- Number of Owners Per Property. Timeshare properties are designed to have 50 to 52 members who use a certain property – without owning it. A collectively owned property rarely has more than 12 owners.
- Vacation Use Per Year. Timeshare owners typically have access to a property one week each year while collective property owners usually have a month or more of use.
- Household Income Variation. According to David Disick, writing for The Fractional Consultant, the minimum qualifying income for a timeshare purchaser is about $75,000 per year, while a fractional property owner typically has an income of $150,000 annually.
- Quality of Property. Fractionally owned vacation homes tend to be more expensive per unit ($1,000,000 vs. $100,000) with greater amenities and more luxurious furnishings.
- Reputation. Timeshares in the U.S. developed a bad reputation in the 1960s and 1970s due to sponsors over-promising and under-delivering. As a consequence, state governments passed stringent disclosure and consumer protection laws affecting the industry. In contrast, fractional ownership of vacation homes became associated with glamor, luxury, and the lifestyles of the rich and famous. The emergence of such hotel chains as Ritz-Carlton and Four Seasons in the fractional ownership industry increased its popularity.
An Explanation of Fractional Ownership
While appearing similar to a timeshare property, a fractional interest in a property is quite different. Owners own a fractional share of a specific asset, with each of 3 to 12 owners entitled to use the asset in proportion to their ownership percentage. Owners are each responsible for their pro rata share of expenses or profits should they arise. For example, luxury real estate chosen wisely can appreciate over the years. When the property is sold, the fractional owners receive their proportional share of the profits and are liable for any capital gains tax due.
A sponsor/manager typically develops a fractional ownership property and markets the units to individual property owners. Owners are also responsible for their financing, although many project sponsor/managers establish a relationship with a local lender for potential buyers’ convenience. While many sponsor/managers retain fractional ownership units until they are sold to new fractional owners, some may continue to own fractional units and be bound to the same contract terms as other fractional owners.
Management of the asset – including the preparation of tax documents, scheduling of owner use, and ongoing inspections and maintenance – is typically provided by the sponsor/manager initially, with fees detailed in the purchase contract.
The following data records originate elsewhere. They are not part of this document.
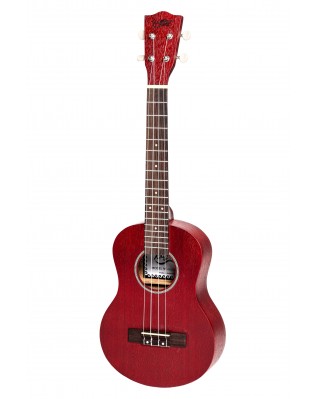 Kaimana UK-23M RDM Укулеле концертная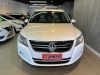 TIGUAN 2.0 TSI 16V TURBO 4P TIPTRONIC - 2010 - CAXIAS DO SUL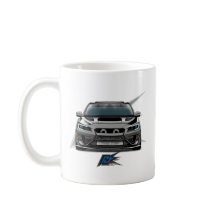 jdm wrc rallybil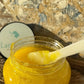 Body Scrub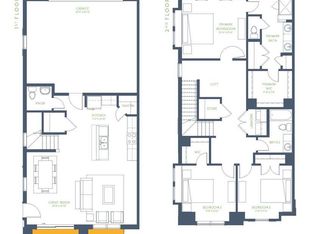 2872 Enfield Colony, The Colony, TX 75056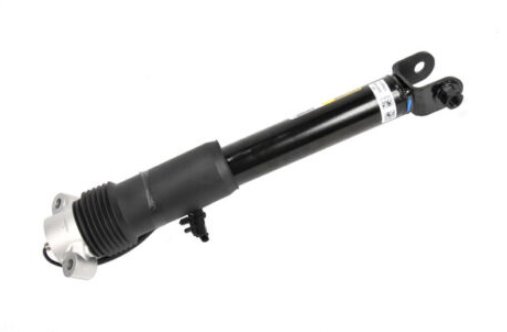ACDelco 84235054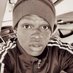 JUM@H L@-C0RN3R (@jumah_lacorner) Twitter profile photo JUM@H L@-C0RN3R (@jumah_lacorner) Twitter profile photo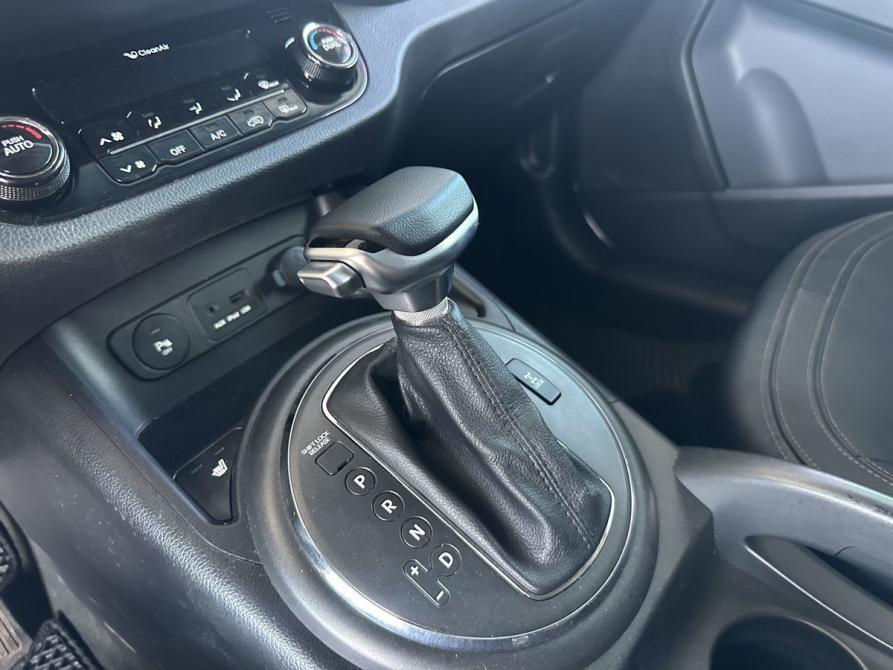 Kia Sportage III Волгоград  - изображение 12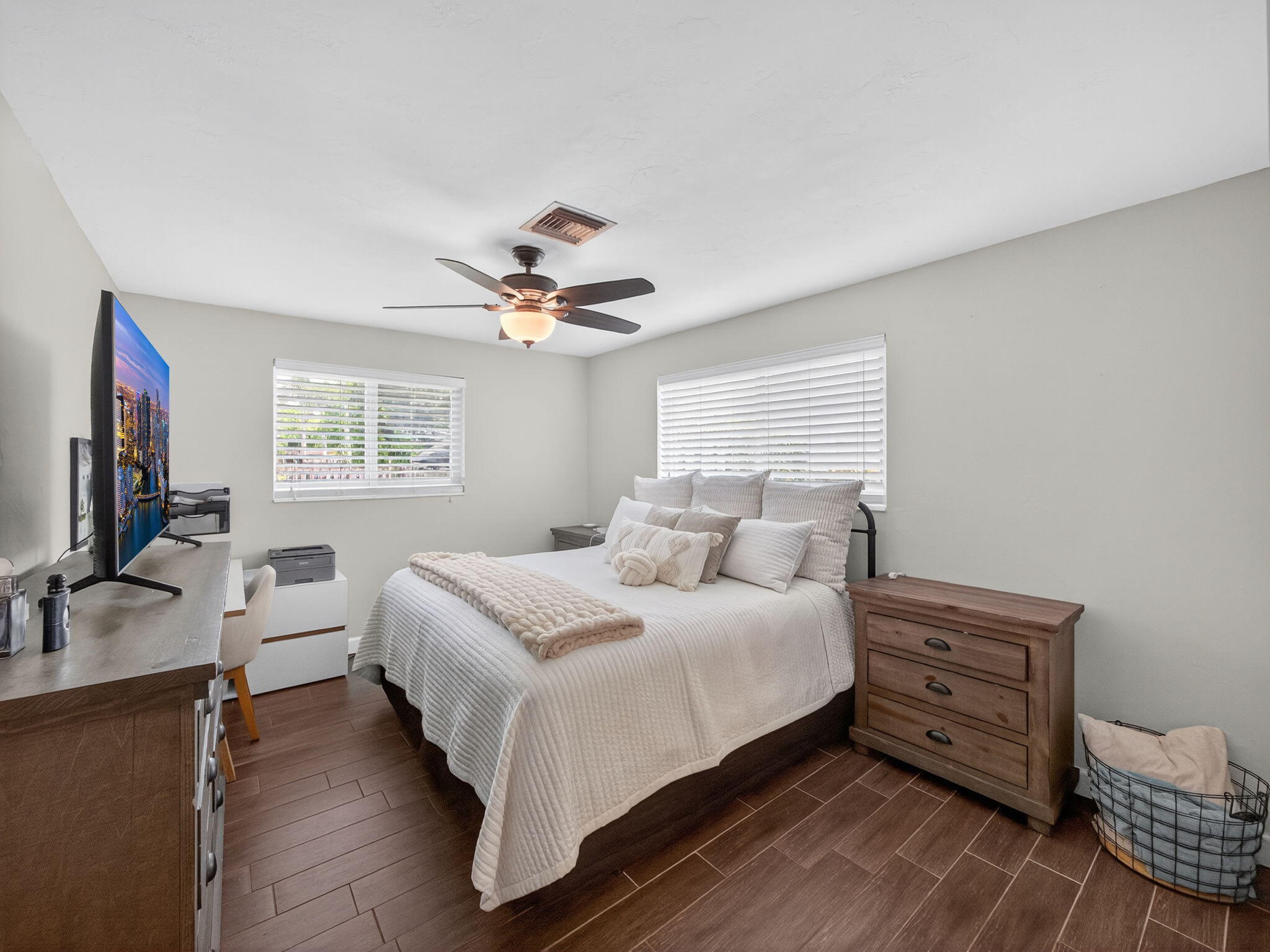 5199 Madison Road Delray Beach, FL 33484 - Photo 15 of 31 14-web-or-mls-012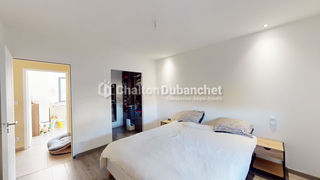  Maison � louer 7 pi�ces 185 m�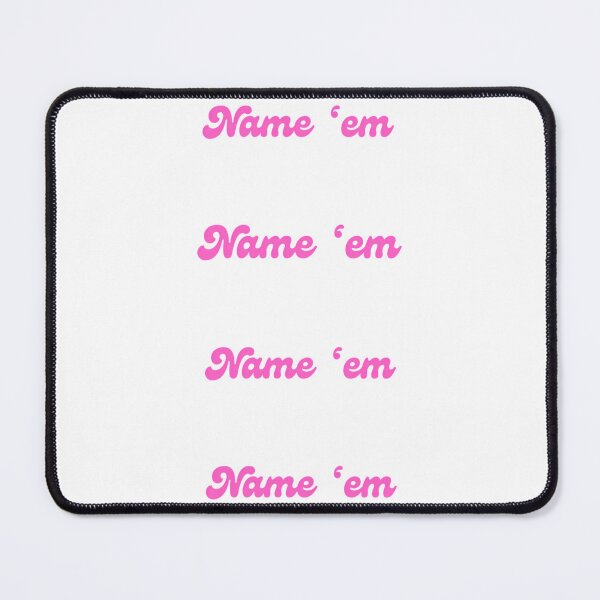 Item preview, Erika Stressed designed and sold by ignacio-harmon.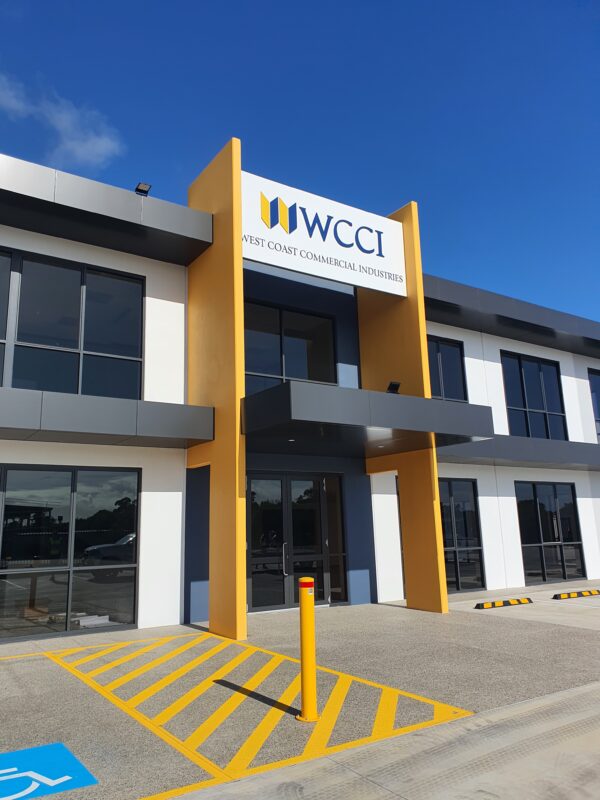 AQUALOO is Australia's Specialist in Commercial Toilet and Shower Partitions / Cubicles l Compact Laminate Lockers & Seating l Integrated Paneling System l Washroom Accessories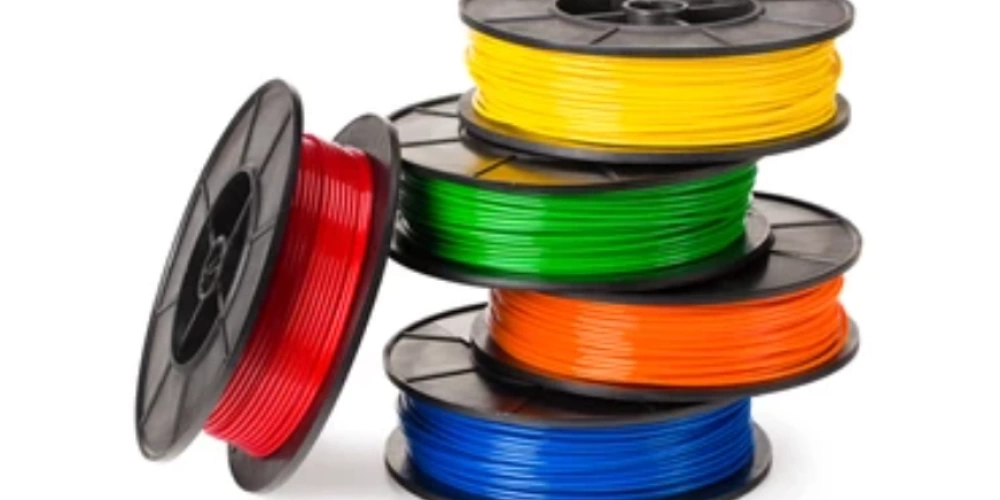 Filament Saklama Koşulları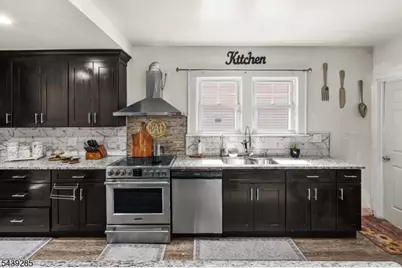 955 Hamilton St, Rahway, NJ 07065 - Photo 26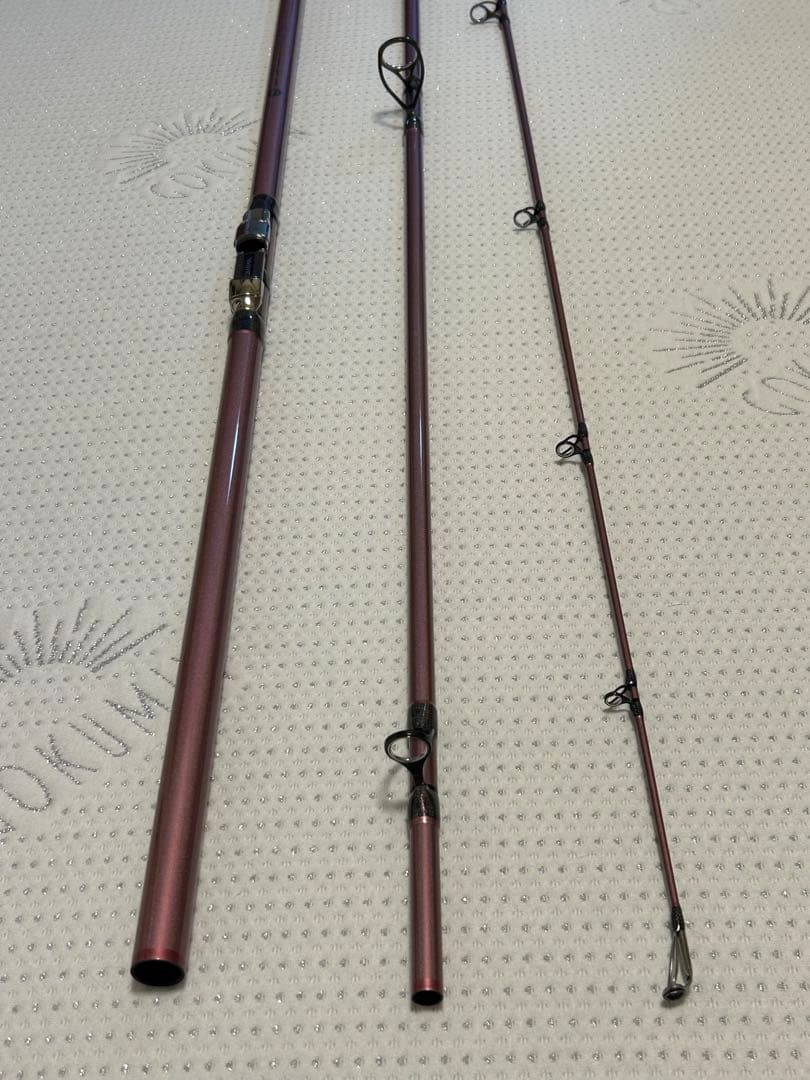 23ダイワトーナメントマスタライズキス AGS 30-405 LM 送料込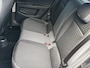 Skoda Citigo 1.0 Grt. Fresh, NAVI / CRUISE CONTROL / PDC
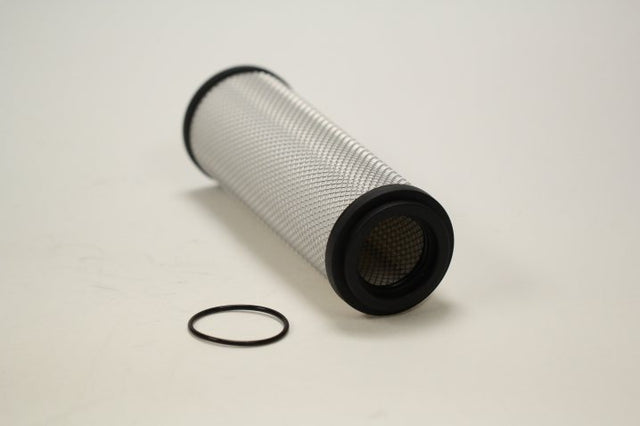 LD 8002 x air filter element (general-filtration)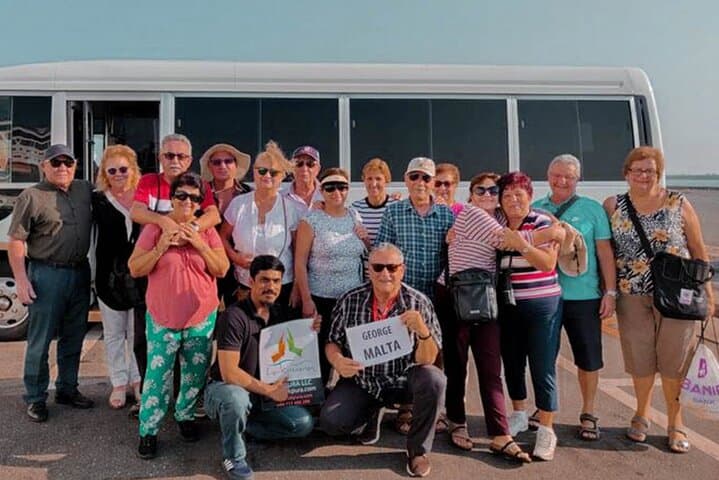 Private Transfer: Colombo (CMB) to UTMT by Jetwing — Dikwella Arrival Guide photo 6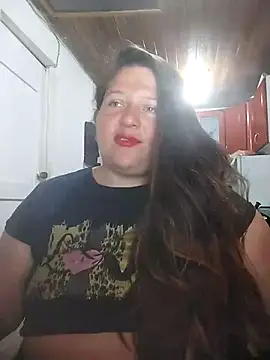 Daphne girlsex online show from 07-07-26, 03:09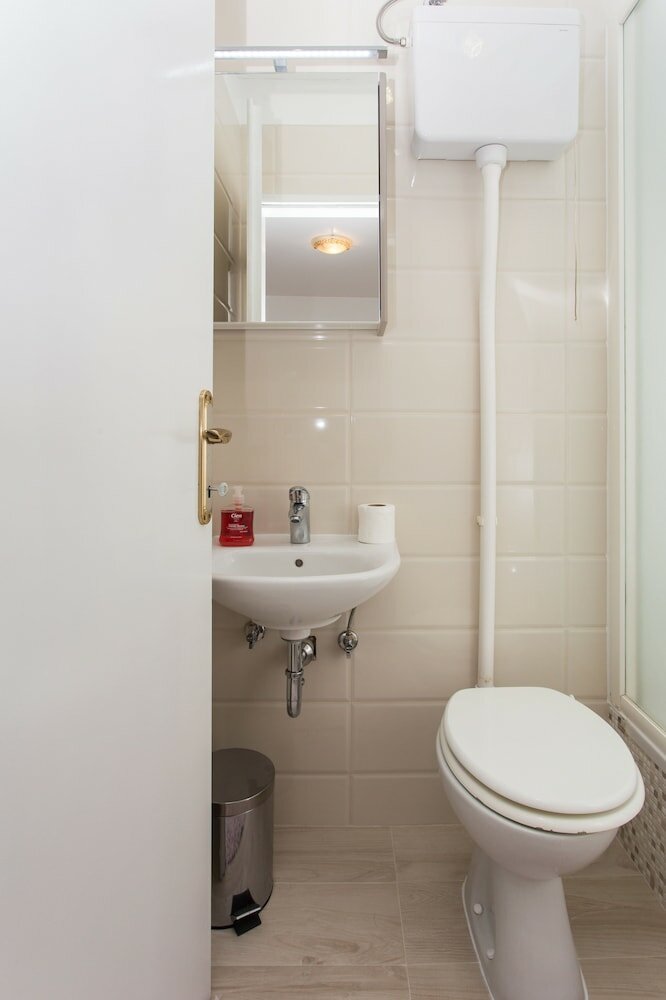 Фото Guest House Cuk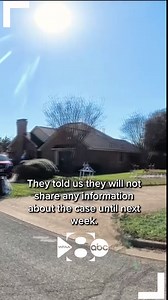 Four dead in Terrell, Texas: Latest updates Saturday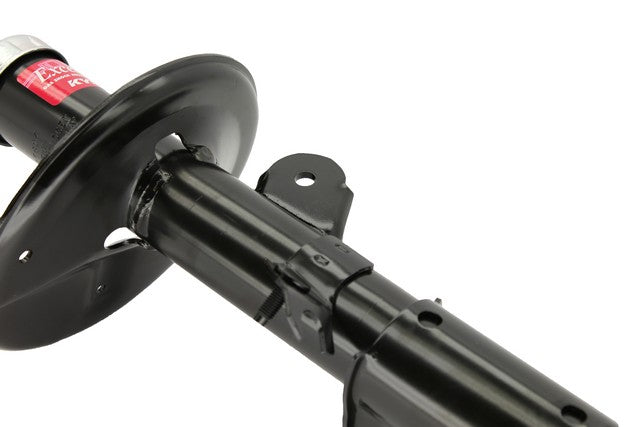 Suspension Strut KYB 235624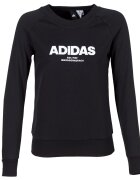 adidas Îmbracaminte ESS ALLCAP SWT
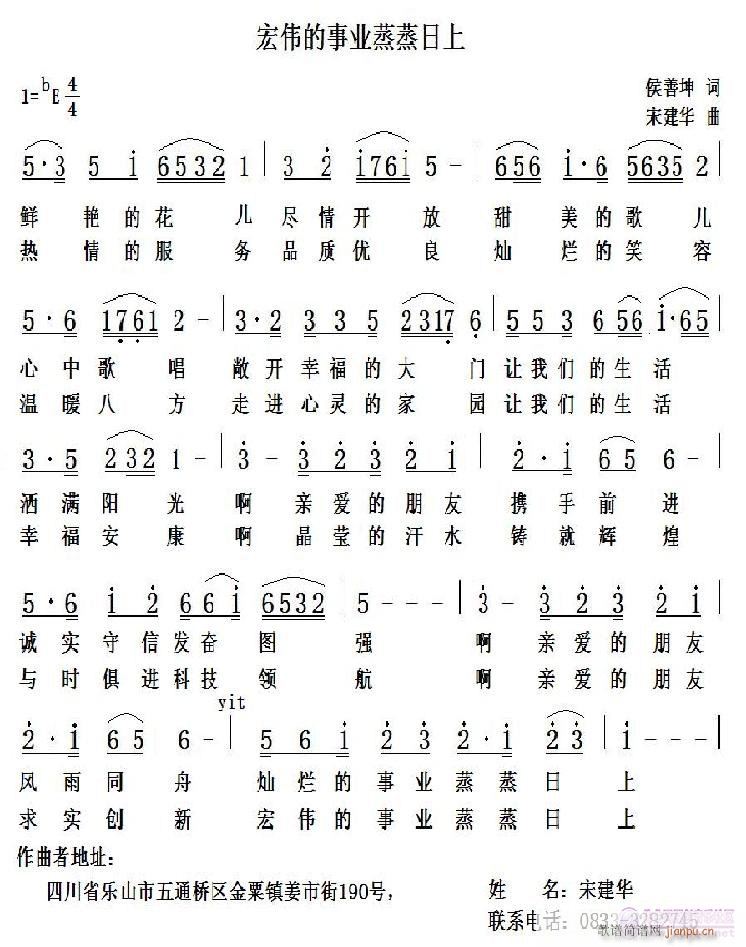 �ꂥ���I(y��)��������(���ָ��V)1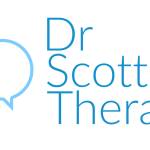 Dr Scott Therapy Profile Picture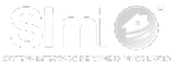 SIMI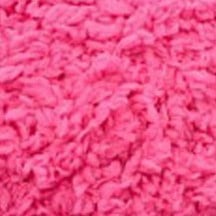 Yarn and Colors Furry 036 Lollipop-2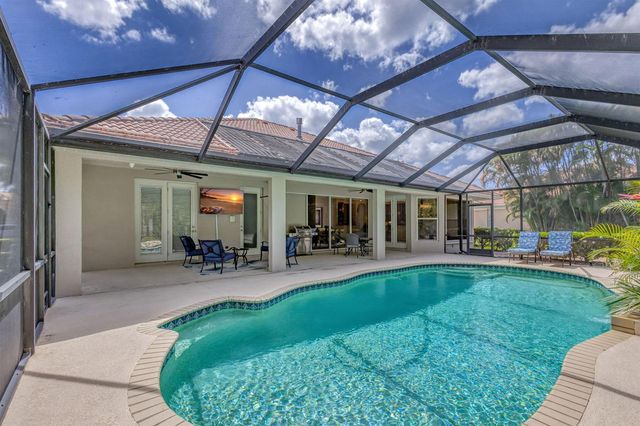 8055 Kiawah Trace, Port St. Lucie, FL 34986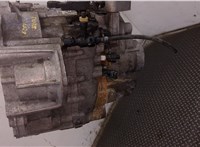  КПП 6-ст.мех. (МКПП) Volkswagen Tiguan 2016-2020 9406361 #8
When all of the units are sold, the owners typically establish a board to replace the sponsor/manager.
The board determines the budget for the property and negotiates management fees with a property manager. Fees are typically a flat monthly amount, but depend upon the services provided to the fractional ownership group. Operating expenses such as insurance, maintenance, repairs, improvements, utilities, and project management are divided into proportion of ownership so a 12% fractional share would pay 12% of the expenses.